06 May 2008
BAE ethics report ignores central questions
The Campaign Against Arms Trade (CAAT) suggests that a new ethics report commissioned by BAE Systems will not change public perceptions of the company. The report has been published today by a committee chaired by Lord Woolf that excluded consideration of some of the most basic ethical issues, including the nature of the arms trade itself and the sale of weapons to despotic regimes such as Saudi Arabia.
Much of the report is geared towards internal processes relating to corruption and bribery and the committee attempts to distance the company from corruption allegations by stressing how BAE has changed over the past decade. However, many of the allegations relate to more recent events and the attitude towards them is worrying since the present Chairman and Chief Executive were in post when BAE lobbied to end the Serious Fraud Office (SFO) investigation into arms sales to Saudi Arabia.
Tomorrow will see BAE's first AGM since CAAT, alongside anti-corruption organisation The Corner House, brought a successful legal challenge over the termination of the SFO's investigation into BAE's Saudi arms deals. CAAT is organising a peaceful protest from 10.00am outside the Queen Elizabeth II Conference Centre in London SW1, where the AGM takes place. There will be a photo stunt at 10.30 to illustrate attempts to sweep the reality of BAE's arms trading under the carpet. When the AGM begins at 11.00, several CAAT supporters will be present as token shareholders to question the board.
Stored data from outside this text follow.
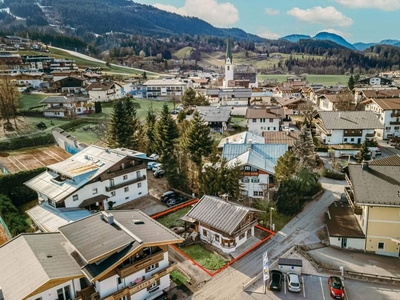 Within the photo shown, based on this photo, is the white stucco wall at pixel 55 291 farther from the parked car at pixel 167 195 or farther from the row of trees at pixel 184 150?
the row of trees at pixel 184 150

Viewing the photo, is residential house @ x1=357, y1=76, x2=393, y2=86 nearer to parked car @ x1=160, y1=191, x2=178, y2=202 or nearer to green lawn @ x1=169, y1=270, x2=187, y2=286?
parked car @ x1=160, y1=191, x2=178, y2=202

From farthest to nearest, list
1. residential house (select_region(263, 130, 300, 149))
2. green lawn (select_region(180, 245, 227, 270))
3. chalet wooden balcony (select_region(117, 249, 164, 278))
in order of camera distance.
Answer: residential house (select_region(263, 130, 300, 149))
green lawn (select_region(180, 245, 227, 270))
chalet wooden balcony (select_region(117, 249, 164, 278))

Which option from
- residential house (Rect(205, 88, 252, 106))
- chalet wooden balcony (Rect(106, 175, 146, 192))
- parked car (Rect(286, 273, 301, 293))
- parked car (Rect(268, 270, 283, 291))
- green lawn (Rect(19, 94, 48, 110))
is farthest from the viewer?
residential house (Rect(205, 88, 252, 106))

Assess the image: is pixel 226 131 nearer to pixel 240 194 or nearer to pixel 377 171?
pixel 240 194

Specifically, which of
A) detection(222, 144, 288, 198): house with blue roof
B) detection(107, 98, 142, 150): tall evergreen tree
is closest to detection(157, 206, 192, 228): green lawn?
detection(222, 144, 288, 198): house with blue roof

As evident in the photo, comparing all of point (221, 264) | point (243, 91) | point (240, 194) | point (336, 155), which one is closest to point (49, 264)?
point (221, 264)

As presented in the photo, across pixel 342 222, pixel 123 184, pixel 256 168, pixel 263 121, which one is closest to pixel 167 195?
pixel 123 184

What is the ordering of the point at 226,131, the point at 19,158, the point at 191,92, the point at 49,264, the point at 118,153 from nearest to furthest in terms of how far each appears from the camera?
the point at 49,264 → the point at 118,153 → the point at 19,158 → the point at 226,131 → the point at 191,92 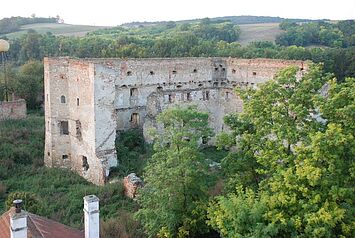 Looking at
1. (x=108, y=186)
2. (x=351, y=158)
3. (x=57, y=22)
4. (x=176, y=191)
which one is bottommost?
(x=108, y=186)

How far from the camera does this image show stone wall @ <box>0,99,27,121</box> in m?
37.7

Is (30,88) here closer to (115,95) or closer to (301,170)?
(115,95)

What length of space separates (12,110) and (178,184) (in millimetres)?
25166

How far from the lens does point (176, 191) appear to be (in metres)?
17.3

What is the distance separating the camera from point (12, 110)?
3812 cm

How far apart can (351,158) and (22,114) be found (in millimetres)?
30697

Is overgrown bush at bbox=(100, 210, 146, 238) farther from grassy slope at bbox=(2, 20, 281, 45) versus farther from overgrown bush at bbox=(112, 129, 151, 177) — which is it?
grassy slope at bbox=(2, 20, 281, 45)

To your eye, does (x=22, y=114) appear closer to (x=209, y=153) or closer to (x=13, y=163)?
(x=13, y=163)

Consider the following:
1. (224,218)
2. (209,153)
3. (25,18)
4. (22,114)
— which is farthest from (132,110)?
(25,18)

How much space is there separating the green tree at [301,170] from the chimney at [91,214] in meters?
3.81

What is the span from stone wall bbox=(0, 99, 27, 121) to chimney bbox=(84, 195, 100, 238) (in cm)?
2714

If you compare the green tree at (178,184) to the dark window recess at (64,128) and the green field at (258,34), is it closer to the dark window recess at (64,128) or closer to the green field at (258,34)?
the dark window recess at (64,128)

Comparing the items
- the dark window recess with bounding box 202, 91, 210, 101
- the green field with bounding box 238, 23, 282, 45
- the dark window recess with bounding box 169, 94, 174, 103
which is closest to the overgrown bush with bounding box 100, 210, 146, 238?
the dark window recess with bounding box 169, 94, 174, 103

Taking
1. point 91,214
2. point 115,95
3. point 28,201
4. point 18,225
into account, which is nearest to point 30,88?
point 115,95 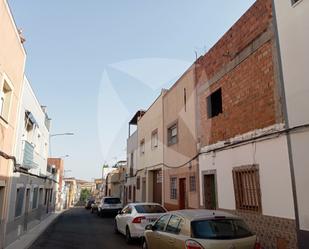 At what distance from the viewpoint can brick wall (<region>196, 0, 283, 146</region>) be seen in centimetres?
819

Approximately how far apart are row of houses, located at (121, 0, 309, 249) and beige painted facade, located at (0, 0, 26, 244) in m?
6.97

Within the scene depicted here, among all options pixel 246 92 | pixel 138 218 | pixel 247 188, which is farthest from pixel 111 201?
pixel 246 92

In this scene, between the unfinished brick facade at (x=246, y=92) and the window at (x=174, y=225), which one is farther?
the unfinished brick facade at (x=246, y=92)

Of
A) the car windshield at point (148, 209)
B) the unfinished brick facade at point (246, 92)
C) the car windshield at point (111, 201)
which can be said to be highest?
the unfinished brick facade at point (246, 92)

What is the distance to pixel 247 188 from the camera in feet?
29.1

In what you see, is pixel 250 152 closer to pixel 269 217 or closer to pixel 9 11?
pixel 269 217

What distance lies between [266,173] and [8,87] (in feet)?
28.4

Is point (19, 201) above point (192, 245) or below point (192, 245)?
above

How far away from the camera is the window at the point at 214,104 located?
11.2 meters

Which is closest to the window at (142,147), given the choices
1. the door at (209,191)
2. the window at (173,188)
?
the window at (173,188)

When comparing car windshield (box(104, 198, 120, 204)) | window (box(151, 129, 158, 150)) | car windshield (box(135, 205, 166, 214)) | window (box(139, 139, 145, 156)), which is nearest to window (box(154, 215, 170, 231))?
car windshield (box(135, 205, 166, 214))

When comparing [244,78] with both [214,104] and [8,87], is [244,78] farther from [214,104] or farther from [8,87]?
[8,87]

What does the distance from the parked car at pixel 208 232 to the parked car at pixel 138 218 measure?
13.6 ft

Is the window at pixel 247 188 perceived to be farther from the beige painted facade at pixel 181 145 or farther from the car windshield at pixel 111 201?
the car windshield at pixel 111 201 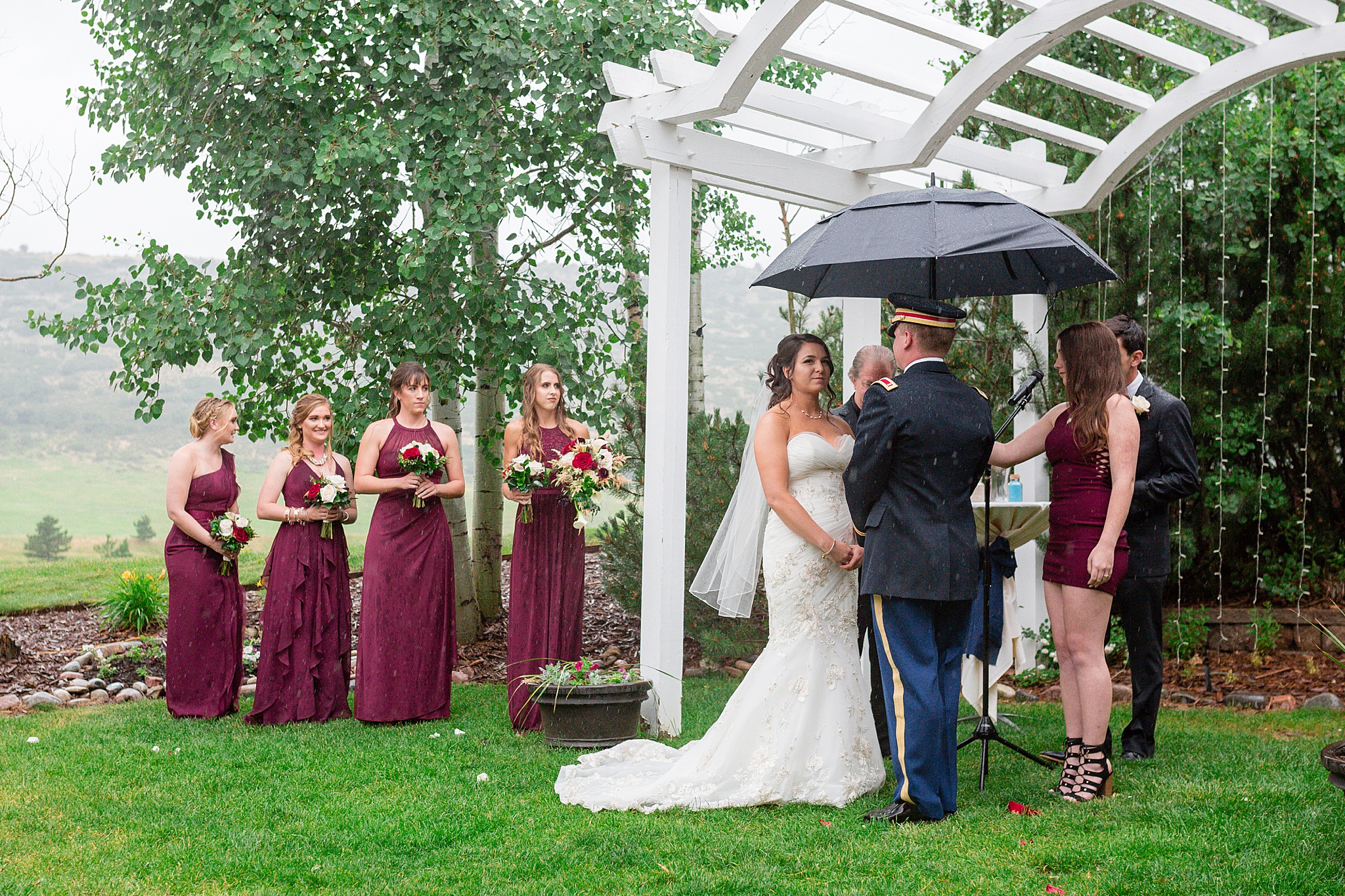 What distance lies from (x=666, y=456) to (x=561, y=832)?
7.03 feet

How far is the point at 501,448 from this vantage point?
9.20 meters

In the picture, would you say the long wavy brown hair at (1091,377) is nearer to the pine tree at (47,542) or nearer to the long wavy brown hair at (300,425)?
the long wavy brown hair at (300,425)

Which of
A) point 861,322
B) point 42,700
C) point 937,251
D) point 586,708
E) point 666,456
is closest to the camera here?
point 937,251

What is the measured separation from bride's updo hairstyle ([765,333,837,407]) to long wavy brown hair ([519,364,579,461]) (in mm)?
1734

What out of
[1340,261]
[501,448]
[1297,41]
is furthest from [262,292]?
[1340,261]

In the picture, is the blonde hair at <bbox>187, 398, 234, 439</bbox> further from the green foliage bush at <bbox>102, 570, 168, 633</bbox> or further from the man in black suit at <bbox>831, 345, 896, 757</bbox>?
the green foliage bush at <bbox>102, 570, 168, 633</bbox>

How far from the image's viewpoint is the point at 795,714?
4391mm

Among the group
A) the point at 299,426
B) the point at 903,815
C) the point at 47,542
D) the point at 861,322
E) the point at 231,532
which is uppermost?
the point at 861,322

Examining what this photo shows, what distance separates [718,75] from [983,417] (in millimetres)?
2264

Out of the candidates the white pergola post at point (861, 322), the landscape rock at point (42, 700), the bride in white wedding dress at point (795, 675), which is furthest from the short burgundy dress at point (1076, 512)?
the landscape rock at point (42, 700)

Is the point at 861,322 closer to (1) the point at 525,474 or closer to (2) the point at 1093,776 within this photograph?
(1) the point at 525,474

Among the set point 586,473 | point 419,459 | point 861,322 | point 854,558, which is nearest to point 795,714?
point 854,558

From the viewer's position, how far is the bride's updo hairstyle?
4582mm

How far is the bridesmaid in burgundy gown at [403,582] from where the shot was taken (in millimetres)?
6000
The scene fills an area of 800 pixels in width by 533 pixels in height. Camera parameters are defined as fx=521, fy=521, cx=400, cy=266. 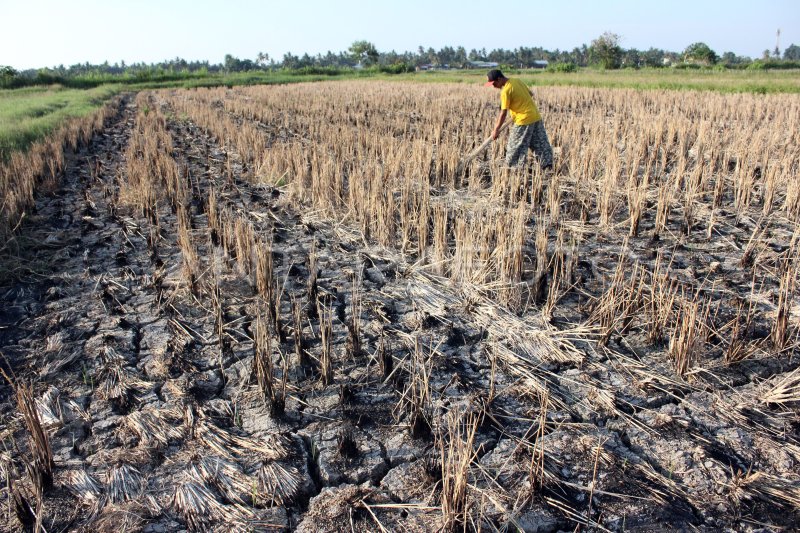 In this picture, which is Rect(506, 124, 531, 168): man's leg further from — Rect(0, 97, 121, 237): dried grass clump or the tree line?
the tree line

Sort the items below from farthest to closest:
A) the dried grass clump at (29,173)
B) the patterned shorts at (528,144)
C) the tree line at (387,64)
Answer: the tree line at (387,64), the patterned shorts at (528,144), the dried grass clump at (29,173)

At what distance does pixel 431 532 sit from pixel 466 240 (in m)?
2.71

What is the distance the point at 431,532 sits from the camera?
215cm

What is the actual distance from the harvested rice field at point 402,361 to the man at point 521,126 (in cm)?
73

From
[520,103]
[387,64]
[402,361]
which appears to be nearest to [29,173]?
[402,361]

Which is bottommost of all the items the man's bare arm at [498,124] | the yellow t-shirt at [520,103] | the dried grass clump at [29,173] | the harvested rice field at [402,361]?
the harvested rice field at [402,361]

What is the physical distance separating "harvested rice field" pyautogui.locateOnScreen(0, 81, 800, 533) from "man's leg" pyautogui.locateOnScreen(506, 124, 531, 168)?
68 cm

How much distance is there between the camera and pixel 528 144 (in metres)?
7.22

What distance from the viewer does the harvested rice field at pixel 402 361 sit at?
229cm

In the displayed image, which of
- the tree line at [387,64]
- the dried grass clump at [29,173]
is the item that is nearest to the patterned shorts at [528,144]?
the dried grass clump at [29,173]

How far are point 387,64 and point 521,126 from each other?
9025 cm

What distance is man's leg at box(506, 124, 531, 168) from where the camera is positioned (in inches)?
282

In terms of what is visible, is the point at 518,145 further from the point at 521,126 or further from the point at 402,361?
the point at 402,361

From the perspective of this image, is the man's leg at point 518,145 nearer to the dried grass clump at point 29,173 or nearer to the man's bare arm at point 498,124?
the man's bare arm at point 498,124
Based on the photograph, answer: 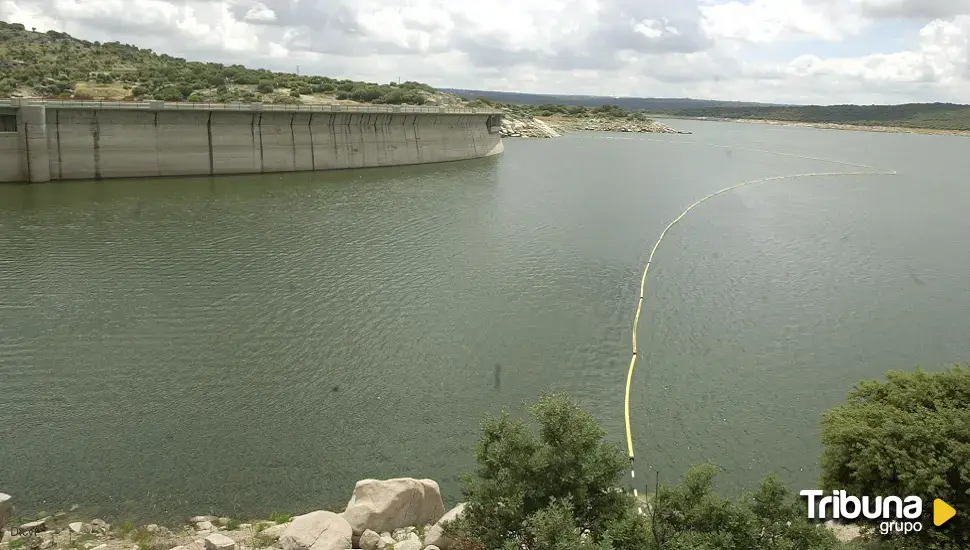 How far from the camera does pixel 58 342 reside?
789 inches

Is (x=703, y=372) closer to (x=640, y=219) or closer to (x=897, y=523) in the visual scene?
(x=897, y=523)

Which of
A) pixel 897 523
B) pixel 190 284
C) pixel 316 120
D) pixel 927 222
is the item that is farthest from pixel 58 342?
pixel 927 222

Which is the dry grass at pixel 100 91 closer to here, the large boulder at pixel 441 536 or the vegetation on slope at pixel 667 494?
the large boulder at pixel 441 536

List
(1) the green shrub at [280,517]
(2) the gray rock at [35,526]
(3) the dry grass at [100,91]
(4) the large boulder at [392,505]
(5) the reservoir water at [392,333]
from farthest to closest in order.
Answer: (3) the dry grass at [100,91]
(5) the reservoir water at [392,333]
(1) the green shrub at [280,517]
(2) the gray rock at [35,526]
(4) the large boulder at [392,505]

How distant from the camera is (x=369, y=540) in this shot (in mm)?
10953

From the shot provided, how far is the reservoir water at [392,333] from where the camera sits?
1498cm

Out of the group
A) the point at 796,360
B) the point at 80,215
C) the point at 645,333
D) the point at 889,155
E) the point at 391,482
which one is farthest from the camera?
the point at 889,155

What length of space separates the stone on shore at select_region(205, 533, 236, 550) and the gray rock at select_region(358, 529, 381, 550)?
1.97 m

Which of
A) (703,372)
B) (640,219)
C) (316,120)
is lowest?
(703,372)

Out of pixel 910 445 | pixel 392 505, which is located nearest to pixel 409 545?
pixel 392 505

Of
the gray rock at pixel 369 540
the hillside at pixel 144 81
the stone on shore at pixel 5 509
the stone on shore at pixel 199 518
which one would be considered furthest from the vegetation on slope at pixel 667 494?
the hillside at pixel 144 81

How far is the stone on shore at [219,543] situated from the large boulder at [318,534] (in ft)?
2.59

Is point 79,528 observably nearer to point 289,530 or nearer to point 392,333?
point 289,530

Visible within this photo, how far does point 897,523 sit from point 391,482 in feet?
27.3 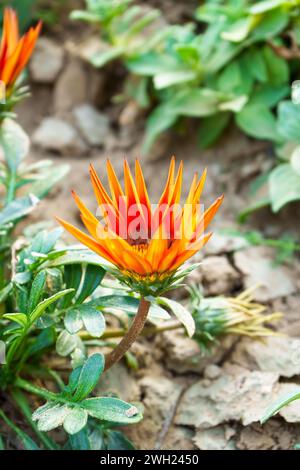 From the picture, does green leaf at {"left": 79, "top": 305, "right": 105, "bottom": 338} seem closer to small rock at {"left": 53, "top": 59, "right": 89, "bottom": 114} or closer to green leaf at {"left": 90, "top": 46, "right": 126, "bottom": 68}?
green leaf at {"left": 90, "top": 46, "right": 126, "bottom": 68}

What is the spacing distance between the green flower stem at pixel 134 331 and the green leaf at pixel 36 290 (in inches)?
8.1

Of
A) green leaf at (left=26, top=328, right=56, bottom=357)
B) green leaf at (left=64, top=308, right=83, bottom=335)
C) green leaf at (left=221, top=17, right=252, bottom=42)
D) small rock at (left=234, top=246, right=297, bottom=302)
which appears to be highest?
green leaf at (left=221, top=17, right=252, bottom=42)

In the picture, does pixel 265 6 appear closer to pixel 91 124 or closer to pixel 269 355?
pixel 91 124

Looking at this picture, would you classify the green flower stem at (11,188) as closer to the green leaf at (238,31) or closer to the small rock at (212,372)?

CAAT spokesperson Symon Hill said:
"BAE is on the run from public opinion. This report will do nothing to reverse BAE's unpopularity with the British public. It is absurd to ask a committee to report on the ethics of an arms company without even considering whether it is ethical to arm dictatorships, or to engage in the arms trade at all. However, we will watch closely to see if there are any meaningful changes that come about as a result of the report."
1. The Campaign Against Arms Trade (CAAT) works for the reduction and ultimate abolition of the international arms trade. 80% of CAAT's funding comes from individual supporters' donations and CAAT is strictly nonviolent in all its work.
2. CAAT spokespeople are available for interview.
3. The judgment of the High Court was handed down on 10th April 2008 by Lord Justice Moses and Mr Justice Sullivan, following a judicial review brought by The Corner House and CAAT. They ruled that the Serious Fraud Office (SFO), on the advice of the government, had acted unlawfully by terminating an investigation into BAE's Saudi arms deals on 14th December 2006, following lobbying by BAE and Saudi representatives. The Saudi regime had threatened to cancel an arms deal and withdraw diplomatic and intelligence co-operation. This was described by the judges as a "successful attempt by a foreign government to pervert the course of justice in the United Kingdom". On 24th April, the High Court formally quashed the decision to terminate the investigation.